THE MIXED FREEDOM OF THE MOTOR CAR AND HOW IT IS DISAPPEARING.
Updated: Jan 31, 2022
In my home town of Spalding as a child in the 1970’s I saw a great growth in car ownership as it became an item only a few could afford to one most can afford. I was brought up in my parent’s house opposite Spalding High School. I stood in their window and learned to count the busses as they arrived each afternoon at the school at the age of four. But, I only learned to count to three as there were only three buses and virtually no cars.
In the space of less than a decade that changed as more buses arrived, more cars were parked in the school yard, and more homeowners down the road owned first one, and then two or more cars. With the arrival of the car came great freedom. The freedom to shop somewhere other than the local corner shop owned by John Roberts, or the local butcher Norman Hipworth. The freedom to go to Peterborough, or Lincoln or further afield and buy more than you can carry as you were not confined by public transport. The freedom to visit relations out of town. The freedom to have not just ad hoc day trips to the coast at Skegness or Hunstanton, but to go there after work for a few hours in the evening. It also gave you the freedom to travel further for work and opened the door to better paid jobs in Peterborough or elsewhere depending upon your ability and desire to commute. Most of us became more mobile.

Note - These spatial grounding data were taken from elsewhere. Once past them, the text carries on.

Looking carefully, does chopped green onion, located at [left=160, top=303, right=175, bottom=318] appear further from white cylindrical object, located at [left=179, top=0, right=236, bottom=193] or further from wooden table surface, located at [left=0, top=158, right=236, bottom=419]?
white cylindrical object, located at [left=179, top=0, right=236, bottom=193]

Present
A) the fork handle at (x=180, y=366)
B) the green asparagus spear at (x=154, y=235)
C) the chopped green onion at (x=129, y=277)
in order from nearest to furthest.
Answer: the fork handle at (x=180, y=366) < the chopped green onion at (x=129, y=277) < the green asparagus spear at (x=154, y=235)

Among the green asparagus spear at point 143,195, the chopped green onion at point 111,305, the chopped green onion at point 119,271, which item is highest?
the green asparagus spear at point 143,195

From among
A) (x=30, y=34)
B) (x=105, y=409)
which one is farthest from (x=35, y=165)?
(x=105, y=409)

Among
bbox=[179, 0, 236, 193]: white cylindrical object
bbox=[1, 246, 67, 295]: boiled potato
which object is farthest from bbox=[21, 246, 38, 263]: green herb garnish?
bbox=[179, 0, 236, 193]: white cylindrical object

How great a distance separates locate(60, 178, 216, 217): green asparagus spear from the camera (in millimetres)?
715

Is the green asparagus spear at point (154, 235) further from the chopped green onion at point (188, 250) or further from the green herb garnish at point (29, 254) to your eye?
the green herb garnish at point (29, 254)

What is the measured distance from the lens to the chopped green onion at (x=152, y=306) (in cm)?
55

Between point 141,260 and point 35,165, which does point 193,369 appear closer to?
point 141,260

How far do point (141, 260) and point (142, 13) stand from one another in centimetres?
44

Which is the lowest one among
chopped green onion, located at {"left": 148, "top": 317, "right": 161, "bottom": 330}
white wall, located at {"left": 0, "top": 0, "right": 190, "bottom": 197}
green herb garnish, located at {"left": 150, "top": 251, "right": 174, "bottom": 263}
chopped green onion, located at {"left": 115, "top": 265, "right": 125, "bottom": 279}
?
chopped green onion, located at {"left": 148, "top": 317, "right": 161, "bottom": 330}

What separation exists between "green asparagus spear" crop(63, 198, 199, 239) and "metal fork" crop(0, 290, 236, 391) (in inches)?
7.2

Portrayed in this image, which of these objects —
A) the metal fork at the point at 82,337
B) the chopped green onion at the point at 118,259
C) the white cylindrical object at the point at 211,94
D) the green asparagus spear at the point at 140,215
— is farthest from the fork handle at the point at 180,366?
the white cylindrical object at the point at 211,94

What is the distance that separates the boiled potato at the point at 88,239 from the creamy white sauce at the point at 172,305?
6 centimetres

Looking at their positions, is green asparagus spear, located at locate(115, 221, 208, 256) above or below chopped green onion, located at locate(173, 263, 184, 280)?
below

Some were left behind and were both socially and economically left behind as they either could not afford to, or did not wish to learn to drive or own a car.

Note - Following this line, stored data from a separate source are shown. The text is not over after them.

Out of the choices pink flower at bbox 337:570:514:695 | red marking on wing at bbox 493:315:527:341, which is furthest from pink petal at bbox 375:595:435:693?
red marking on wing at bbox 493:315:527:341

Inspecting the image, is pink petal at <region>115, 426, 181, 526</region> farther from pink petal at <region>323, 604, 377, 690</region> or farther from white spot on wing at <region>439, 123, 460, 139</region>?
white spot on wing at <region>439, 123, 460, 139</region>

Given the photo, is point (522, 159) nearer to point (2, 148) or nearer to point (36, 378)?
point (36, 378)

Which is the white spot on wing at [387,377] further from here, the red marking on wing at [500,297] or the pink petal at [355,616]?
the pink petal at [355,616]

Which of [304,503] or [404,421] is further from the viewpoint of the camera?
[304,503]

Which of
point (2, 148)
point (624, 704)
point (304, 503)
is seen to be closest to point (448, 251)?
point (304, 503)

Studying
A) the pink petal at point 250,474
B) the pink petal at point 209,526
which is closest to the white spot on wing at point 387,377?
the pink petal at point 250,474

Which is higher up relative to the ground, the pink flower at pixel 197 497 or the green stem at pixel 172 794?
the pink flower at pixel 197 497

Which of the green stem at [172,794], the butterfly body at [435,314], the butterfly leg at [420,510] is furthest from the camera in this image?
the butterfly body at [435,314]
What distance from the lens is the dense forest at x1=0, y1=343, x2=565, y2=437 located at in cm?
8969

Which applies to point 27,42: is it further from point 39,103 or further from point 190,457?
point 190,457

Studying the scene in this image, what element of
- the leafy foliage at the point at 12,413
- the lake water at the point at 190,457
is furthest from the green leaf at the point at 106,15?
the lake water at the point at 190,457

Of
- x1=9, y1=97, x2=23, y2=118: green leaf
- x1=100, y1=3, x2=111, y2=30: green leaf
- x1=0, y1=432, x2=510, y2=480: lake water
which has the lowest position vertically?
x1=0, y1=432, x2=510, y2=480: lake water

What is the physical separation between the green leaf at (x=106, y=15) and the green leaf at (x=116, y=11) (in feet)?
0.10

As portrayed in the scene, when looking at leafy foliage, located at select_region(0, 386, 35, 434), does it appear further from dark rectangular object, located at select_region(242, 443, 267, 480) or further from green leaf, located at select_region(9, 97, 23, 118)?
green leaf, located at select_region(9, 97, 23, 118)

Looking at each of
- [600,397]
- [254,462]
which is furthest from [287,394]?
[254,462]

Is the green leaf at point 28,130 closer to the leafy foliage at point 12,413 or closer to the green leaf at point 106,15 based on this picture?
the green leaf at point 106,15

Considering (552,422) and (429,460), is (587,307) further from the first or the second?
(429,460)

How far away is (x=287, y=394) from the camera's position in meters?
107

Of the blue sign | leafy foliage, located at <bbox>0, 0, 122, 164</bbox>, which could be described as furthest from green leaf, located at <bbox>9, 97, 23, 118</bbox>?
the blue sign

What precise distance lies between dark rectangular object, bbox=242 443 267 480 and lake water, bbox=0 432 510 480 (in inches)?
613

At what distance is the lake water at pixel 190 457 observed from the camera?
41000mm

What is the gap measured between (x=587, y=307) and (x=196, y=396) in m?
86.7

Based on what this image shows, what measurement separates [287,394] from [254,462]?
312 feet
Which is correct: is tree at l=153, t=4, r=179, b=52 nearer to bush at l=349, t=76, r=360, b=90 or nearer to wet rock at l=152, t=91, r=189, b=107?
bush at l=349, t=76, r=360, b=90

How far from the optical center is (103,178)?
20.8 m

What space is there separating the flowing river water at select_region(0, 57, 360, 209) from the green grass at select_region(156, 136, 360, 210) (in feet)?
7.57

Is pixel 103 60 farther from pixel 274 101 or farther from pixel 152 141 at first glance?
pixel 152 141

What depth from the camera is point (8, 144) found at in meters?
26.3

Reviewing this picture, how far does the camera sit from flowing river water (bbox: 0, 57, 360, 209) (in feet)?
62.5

Increased car ownership also enabled towns and villages to grow as new houses were built that accommodated the motor owning householder. Locally we saw Peterborough grow as its surrounding villages merged into the City that grew with great parkways of roads that made it one of the fastest cities to travel in; car parks and shopping centres all car friendly with easy access by car. Similarly in Spalding new housing estates saw houses built with garages and driveways and wide roads in total contrast to the houses built in the inter war period and then in the 50’s and 60’s which tended to be narrower roads with few driveways, although some garages were available to rent from the council for those lucky enough to own a car. The local villages like Pinchbeck and Moulton saw increased housing as people were able to drive to work in larger towns or commute to Peterborough and beyond.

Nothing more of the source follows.